The process of learning to write begins in the very earliest years of a child’s life. To the outsider, young children’s mark making might seem to have little connection to writing as we know it as adults. But those early writing skills that the children develop at this age are the backbone of all the ‘proper’ writing they do later on in their lives. One of the key objectives of early mark making is to encourage the children to want to express themselves; to feel engaged with the idea of using marks on paper (or on other surfaces) to put across their ideas, feelings, thoughts and wishes.
Learning to communicate
All writing is about communication – right now, I’m speaking to you through the medium of writing. In the best writing you can ‘hear’ the voice of the writer. It follows that there is an essential link between children learning to speak and communicate well, and children developing the skills and attitudes needed to become effective writers. It’s our job to help children literally ‘find their own voice’ – first verbally, and then on the page.
Speaking and Listening
Both speaking and listening play a crucial part in communication.
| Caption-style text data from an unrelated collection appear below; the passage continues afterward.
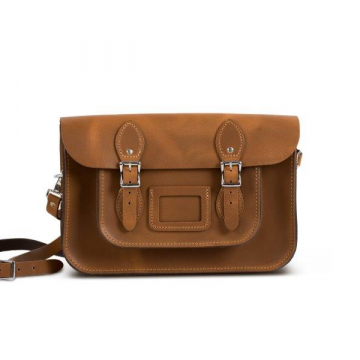 Gweniss Charlotte Satchel - Premium Vintage Tan - 11"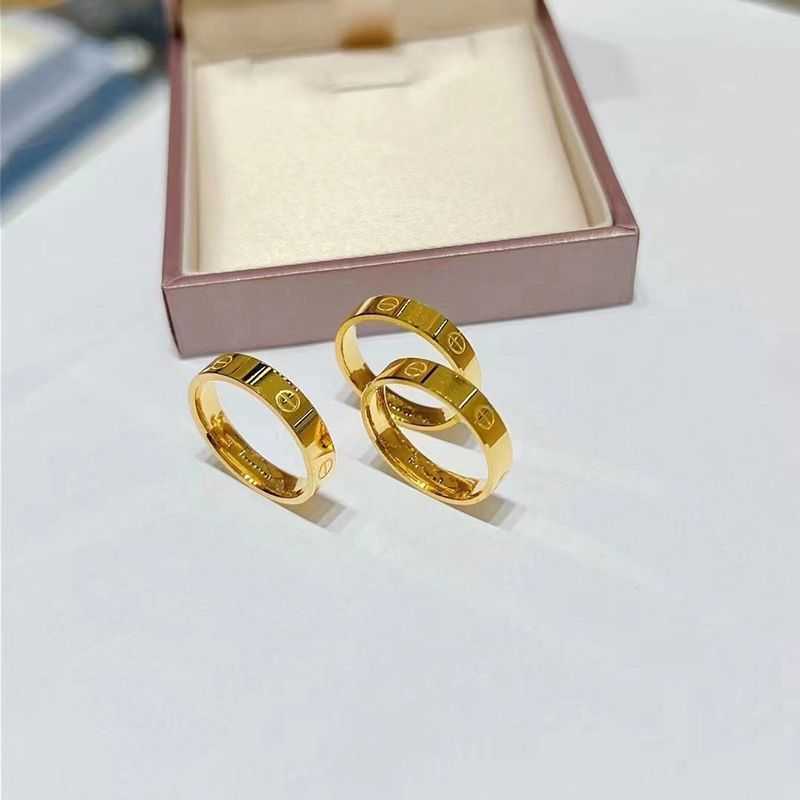 Hög version Klassisk 18k ring AU750 färgad guld slätt för män och kvinnor par bröllopsarmband som en alla hjärtans present LXMU
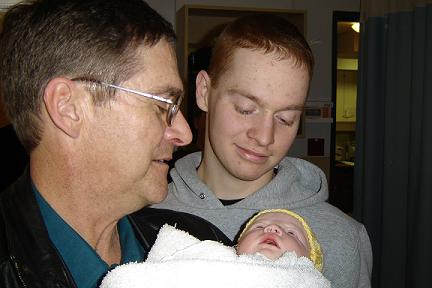1990 Ford Bronco - Keira just born with Grandpa and Daddy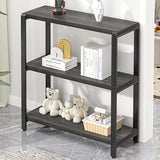 Small Bookshelf and Bookcase, 3 Tier Open Book Shelf, Modern Metal and Wood Shelving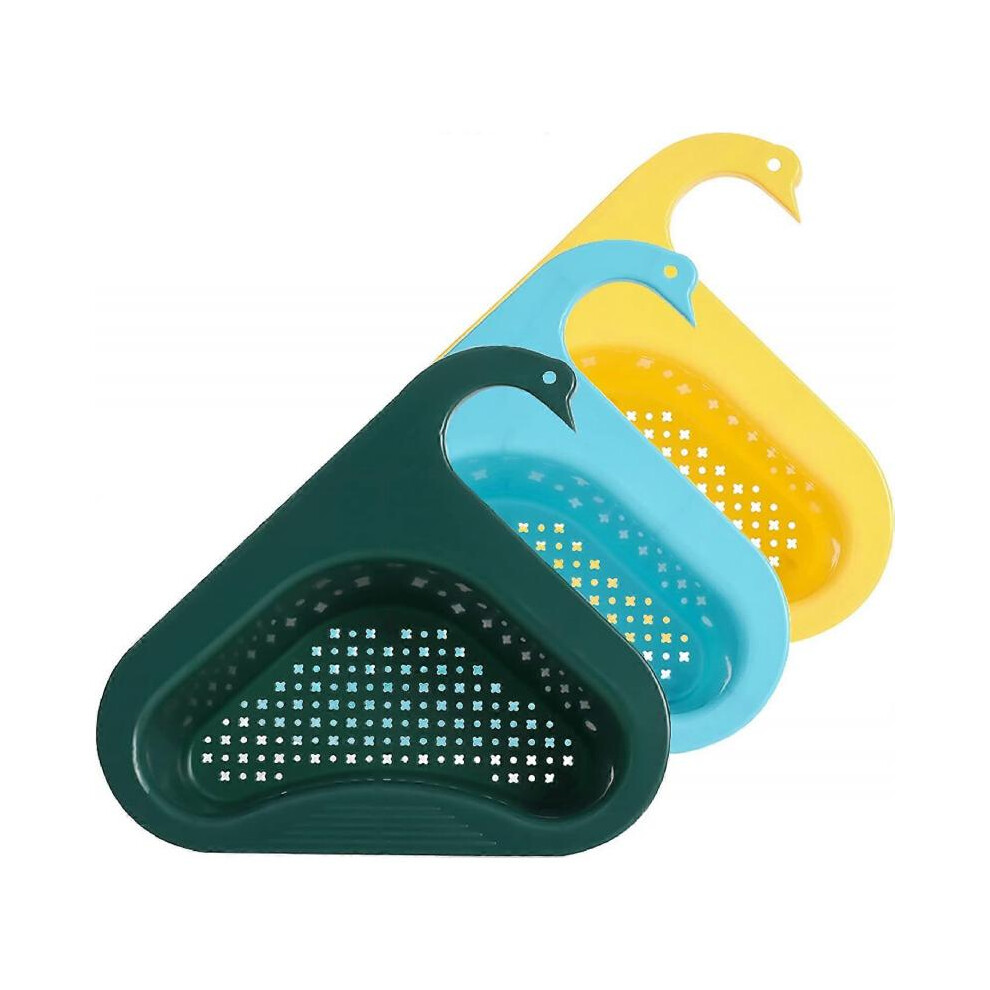 3Pcs Swan Shape Sink Basket, Triangular Sink Strainer Basket, Corner Kitchen Sink Strainer Basket, Multifunctional Kitchen Sink Filter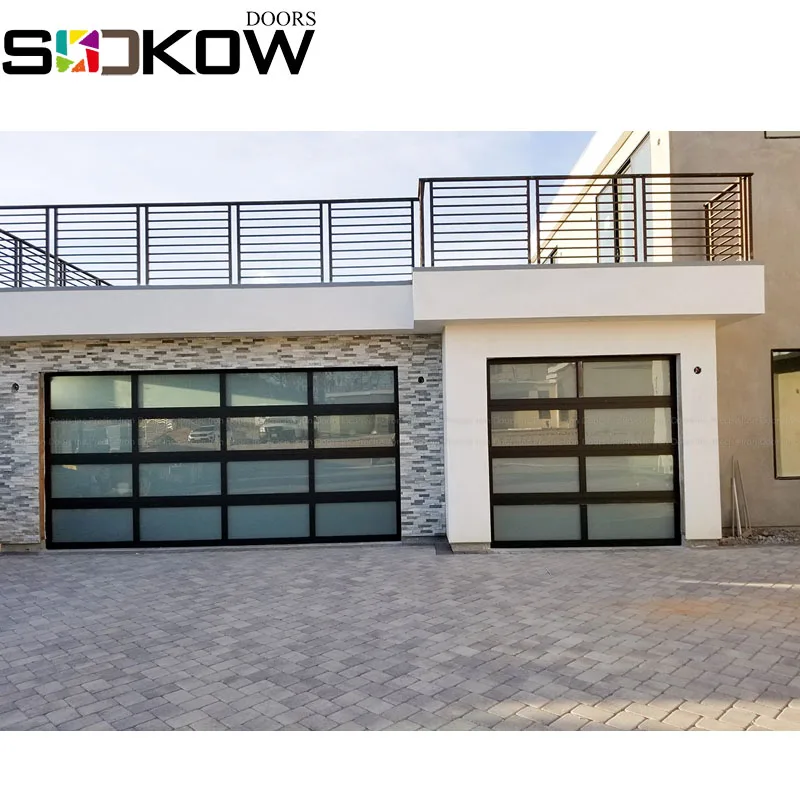 full view glass garage door/black glass doors/glass transparent garage door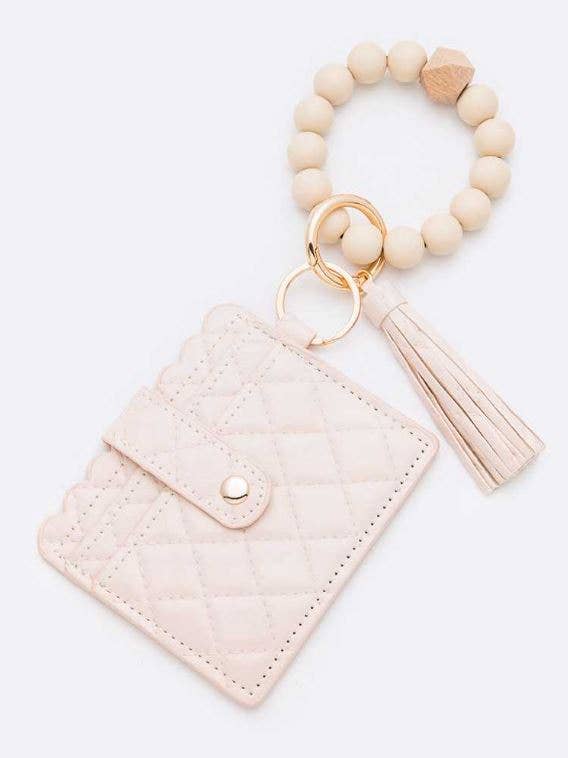 Keychain Wallet With Beaded Wristlet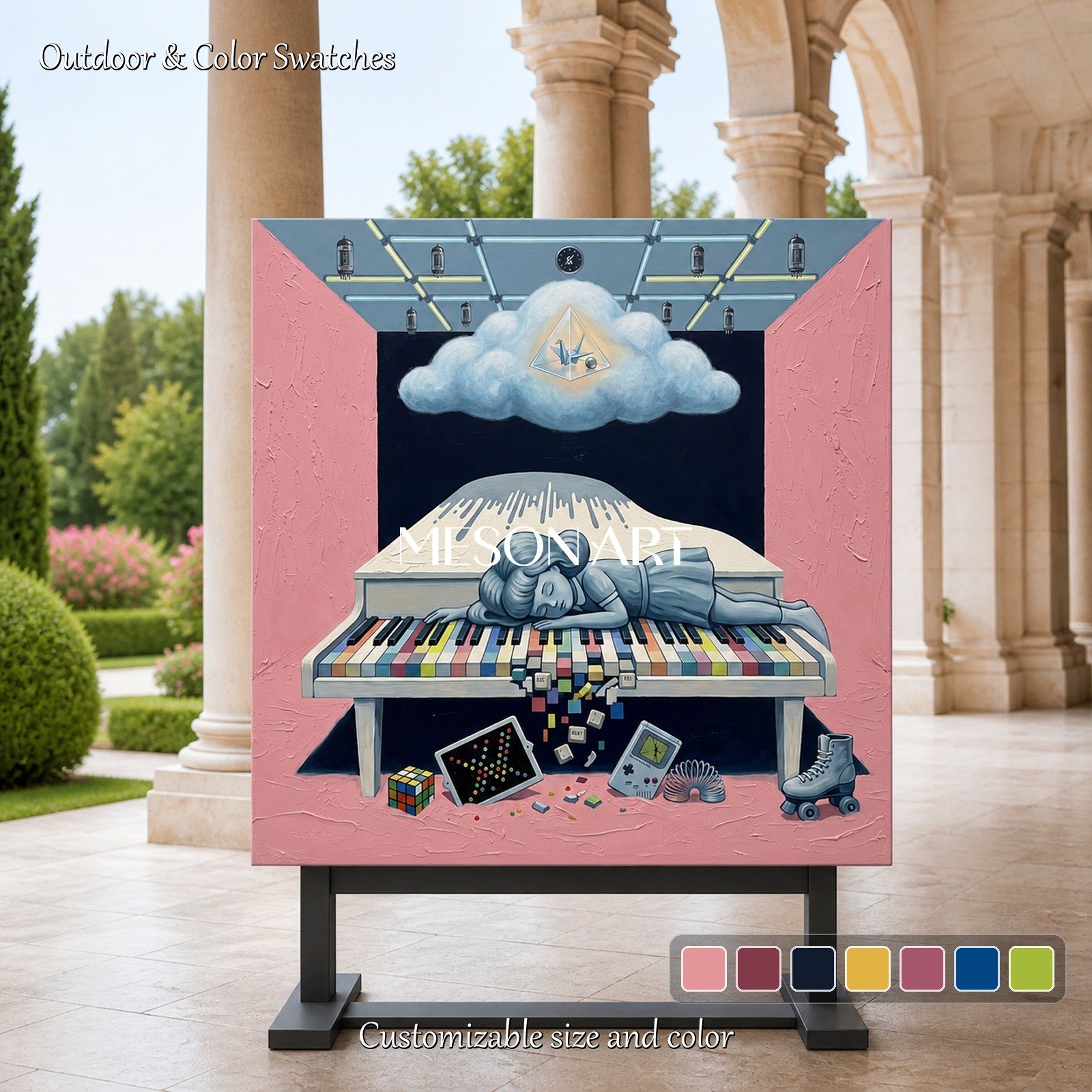 Pink And Blue Surrealism Painting Square Original Artist Hand Painted Contemporary Art Wall Decor For Living Room By Mesonart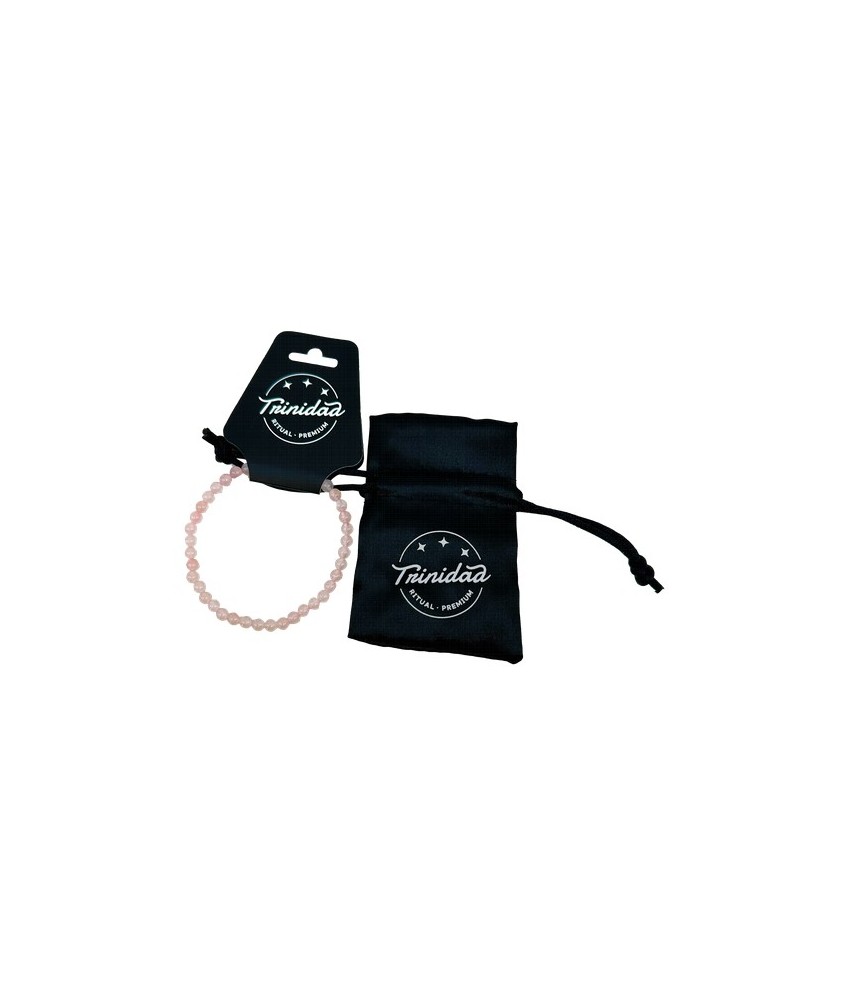 TRI.PULSERA CUARZO ROSA BOLA 4 MM.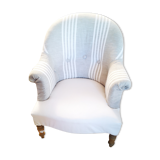 Restored reupholstered toad armchair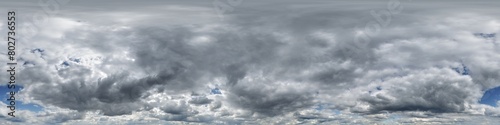 gray sky hdri 360 panorama with dark clouds before storm in seamless projection with zenith for use in 3d graphics as sky dome or edit drone shot for sky replacement © hiv360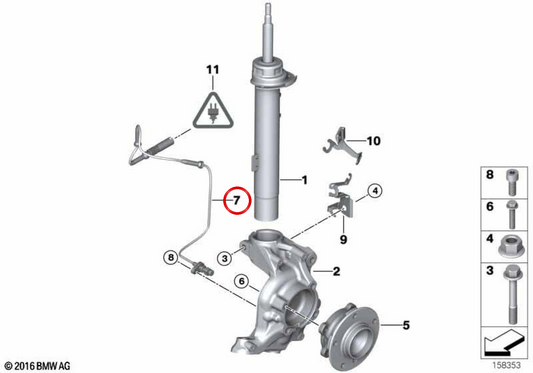 OEM front ABS sensor 34526762465 for BMW E81, E82, E87, E87N, E88, E90, E90N, E91, E91N, E92, E93. Original BMW.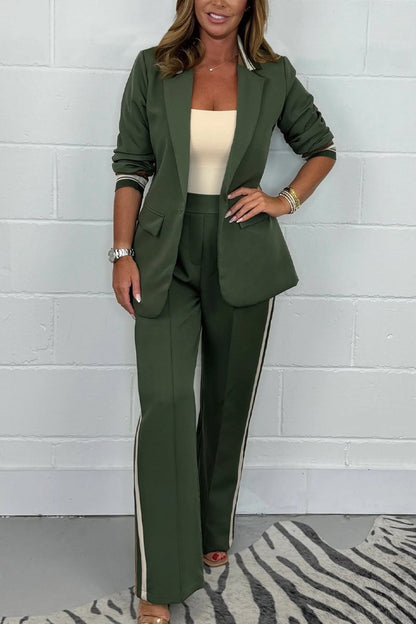 Women's Side Stripe Trouser & Blazer Suit Green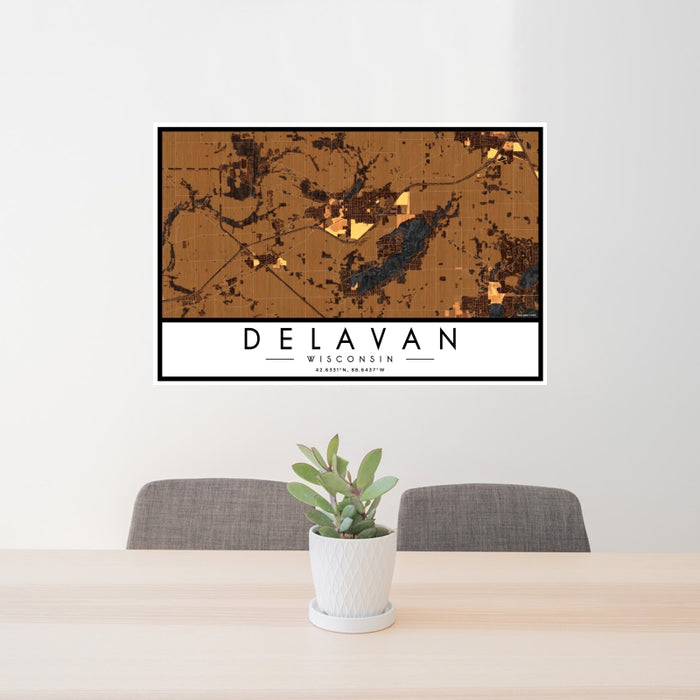 24x36 Delavan Wisconsin Map Print Landscape Orientation in Ember Style Behind 2 Chairs Table and Potted Plant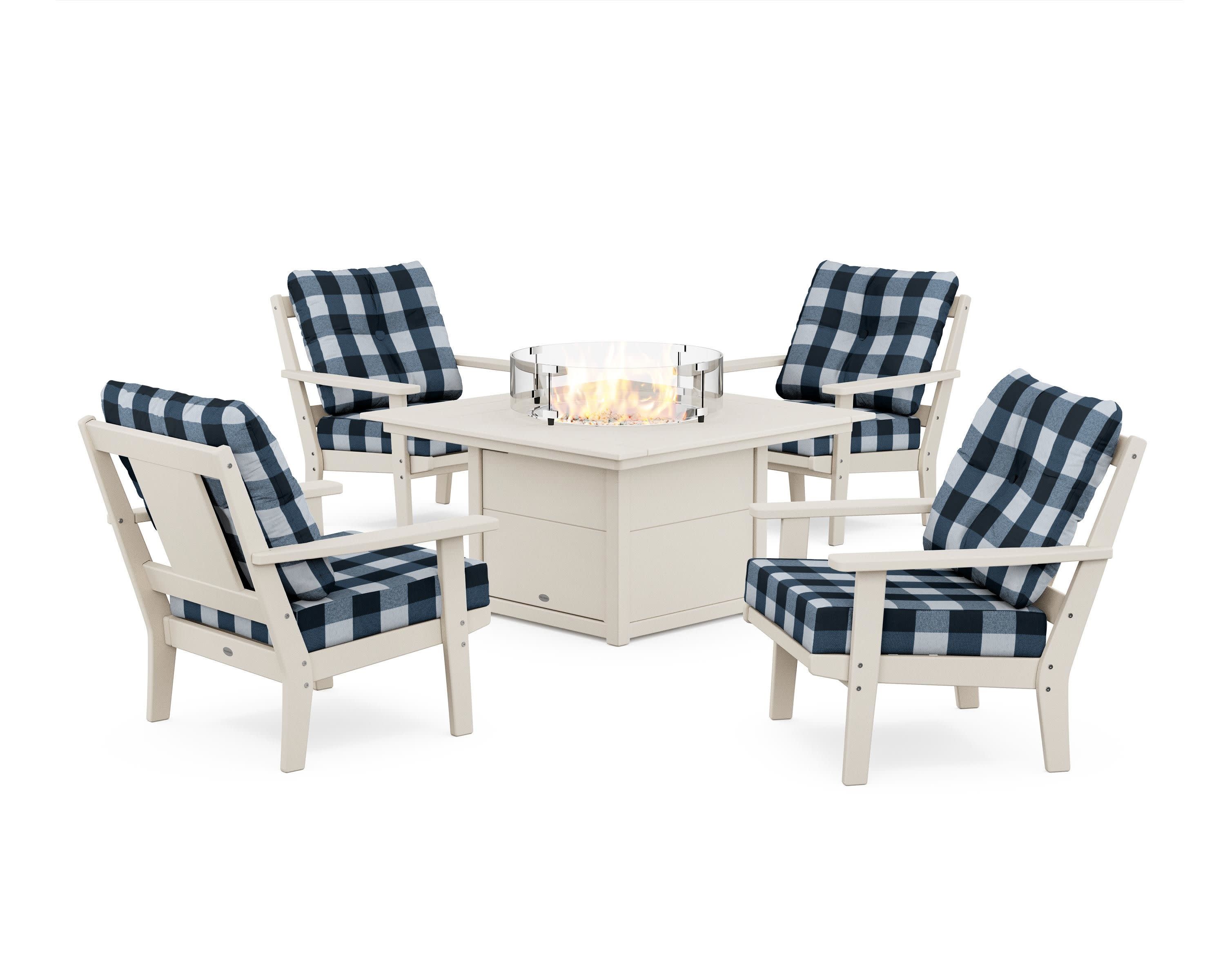 Prairie 5-Piece Deep Seating Set with Fire Pit Table in Sand / Buffalo Plaid Marine Indigo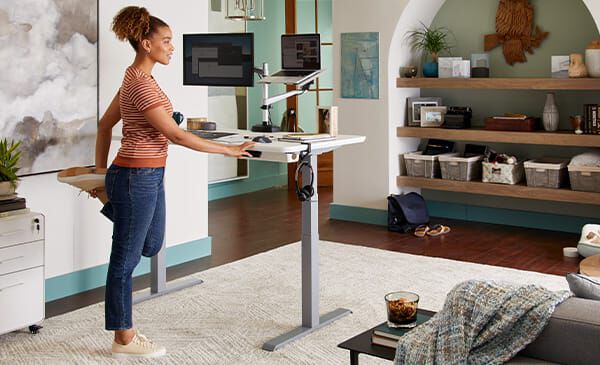 professional stretching while working in home office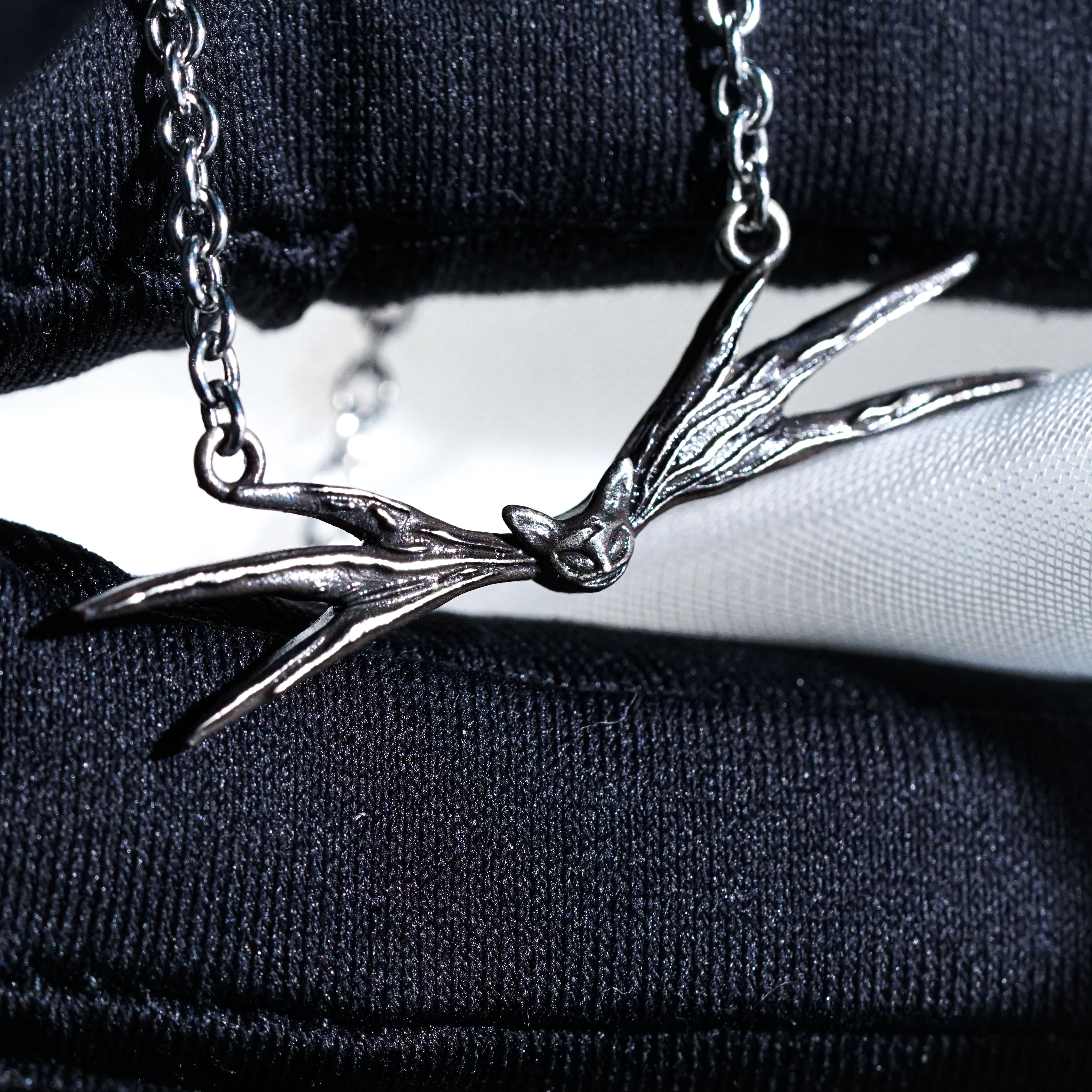 Jack Bow Tie Necklace, Nightmare Before Christmas Inspired Handmade 950 Silver Pendant, Gothic Jewelry Gift for Halloween and Movie Fans 3 - EternaSilver DSC00847 - EternaSilver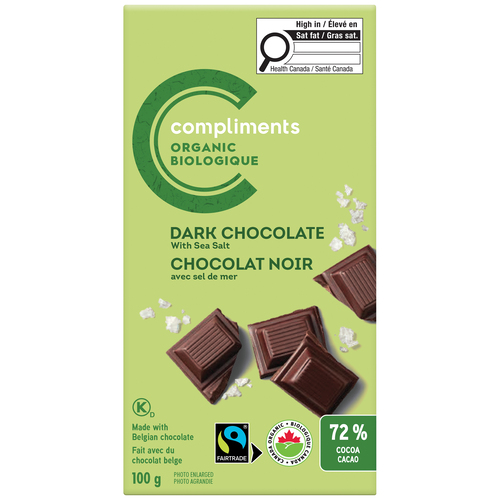 Compliments Organic Dark Chocolate Bar With Sea Salt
The high quality opportunities for talk you provide in your setting will allow young children to develop a whole variety of skills. They will learn:
- How to form sounds in their mouths, building the necessary muscles to speak correctly;
- To listen, hear and pick out sounds within words when other people make them.
- To build up a wide vocabulary of increasingly complex language;
- To become more confident about expressing their needs, wishes and interests through language.
- How to concentrate and gain meaning from the spoken or written word.